[Opening Source information section]
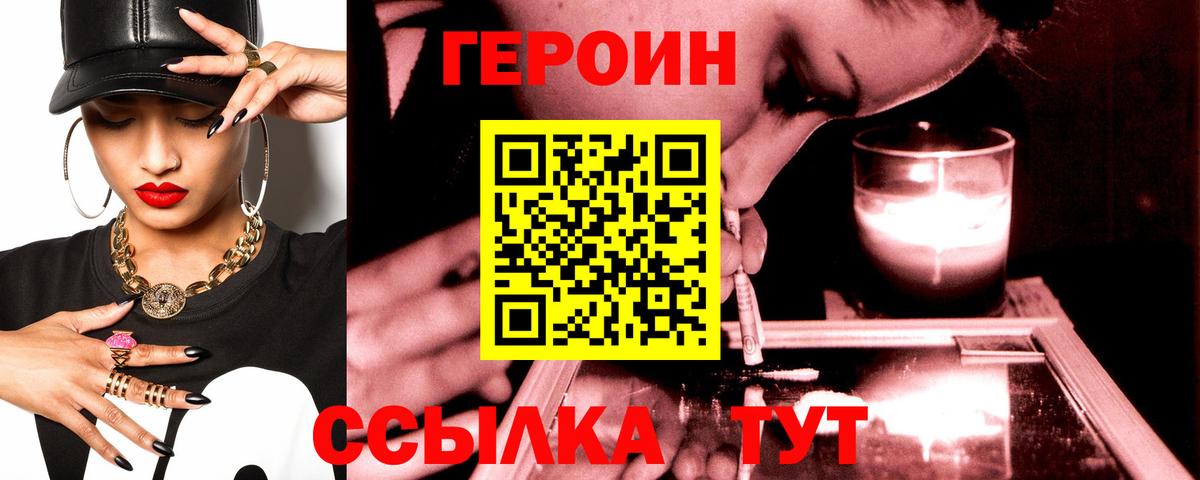 ГЕРОИН VHQ Югорск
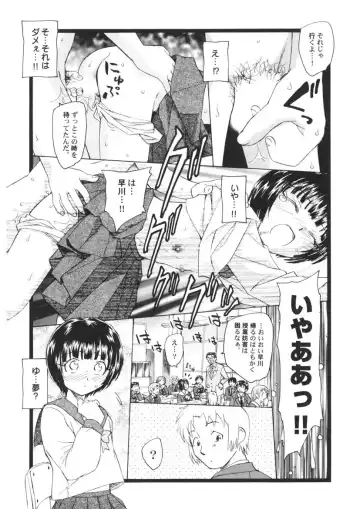 [Unno Hotaru] Ten Nights of Dream Fhentai - Page 152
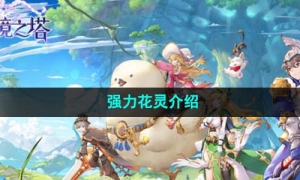 《圣境之塔》强力花灵介绍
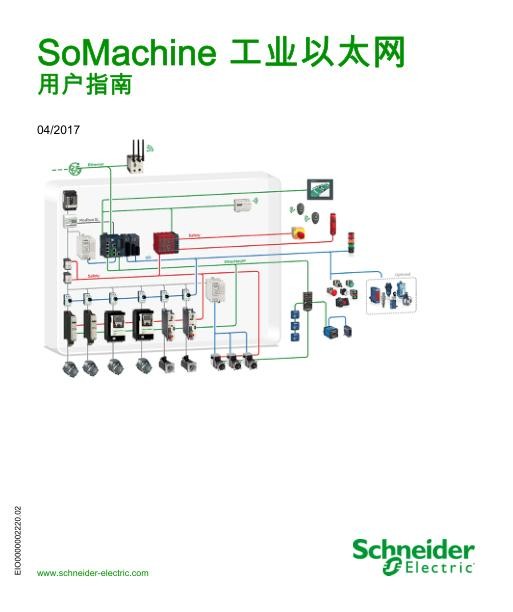 施耐德SoMachine工业以太网用户指南.jpg
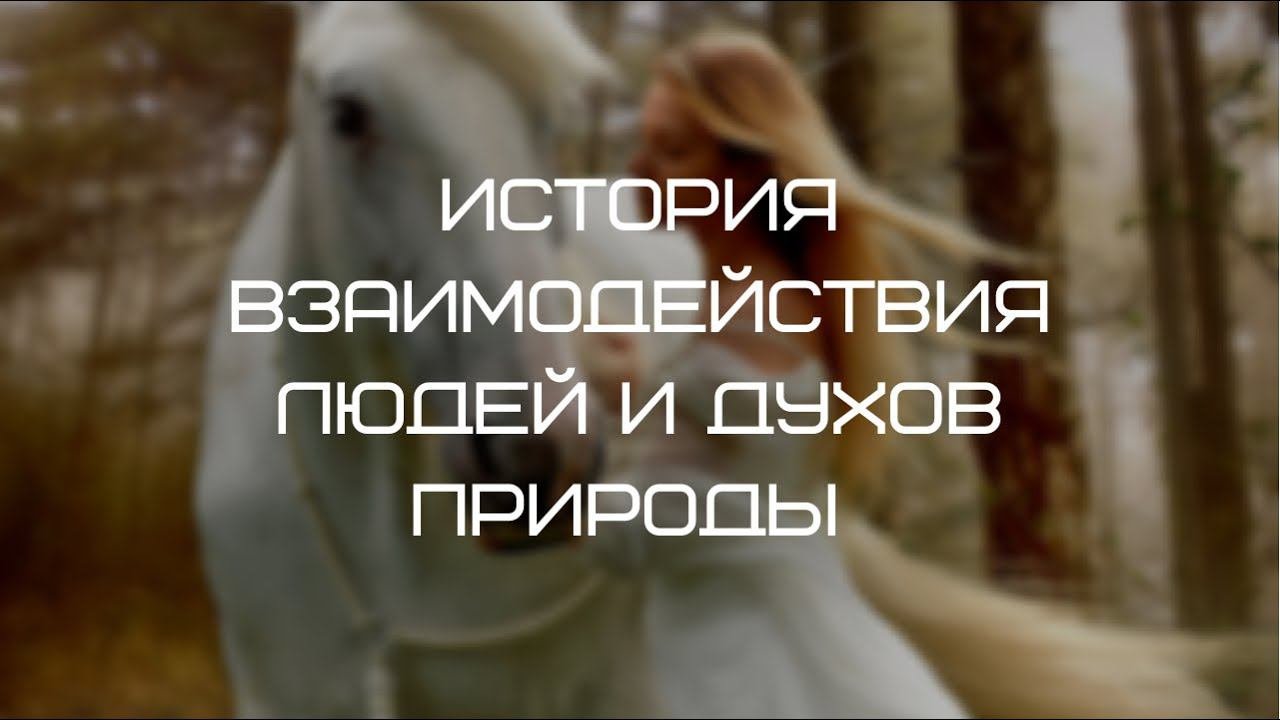 Принципы взаимодействия людей и духов природы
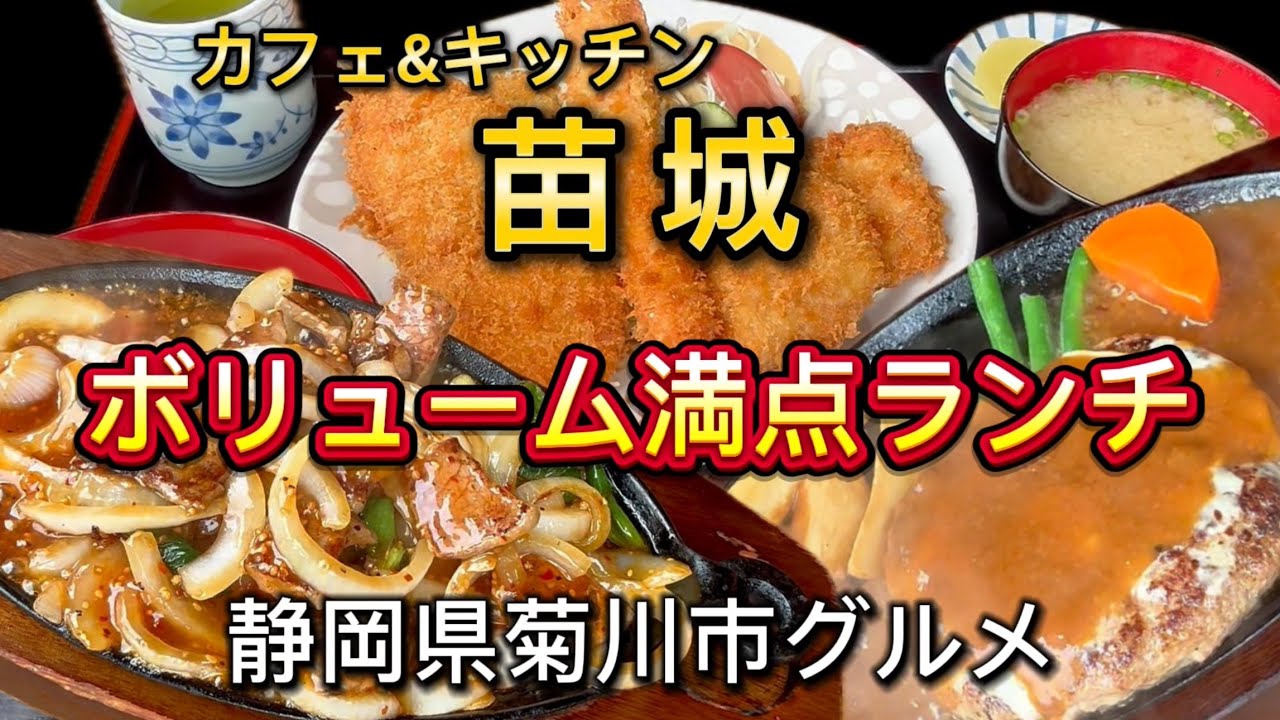 菊川市【苗城】昔ながらの喫茶店風レストラン‼️ボリューム満点ランチ💯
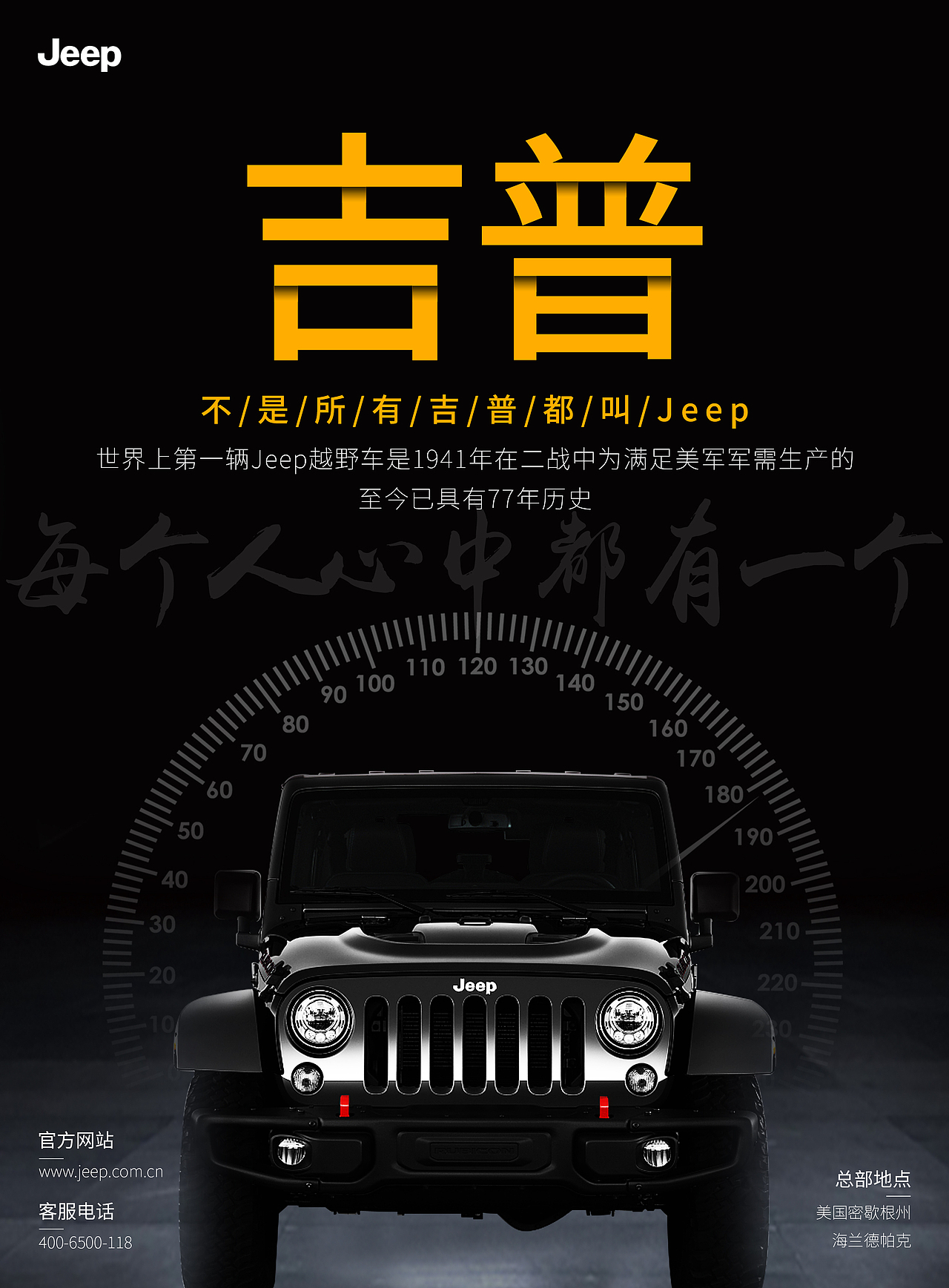 吉普（个人练习）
[Closing Source information section]
▶ **Problem details**
Please output each line above exactly and omit all images.

▶ **Response**
 ГЕРОИН VHQ Югорск
 [Unno Hotaru] Ten Nights of Dream Fhentai - Page 152
 《圣境之塔》强力花灵介绍
 施耐德SoMachine工业以太网用户指南.jpg
 Принципы взаимодействия людей и духов природы
 菊川市【苗城】昔ながらの喫茶店風レストラン‼️ボリューム満点ランチ💯
 吉普（个人练习）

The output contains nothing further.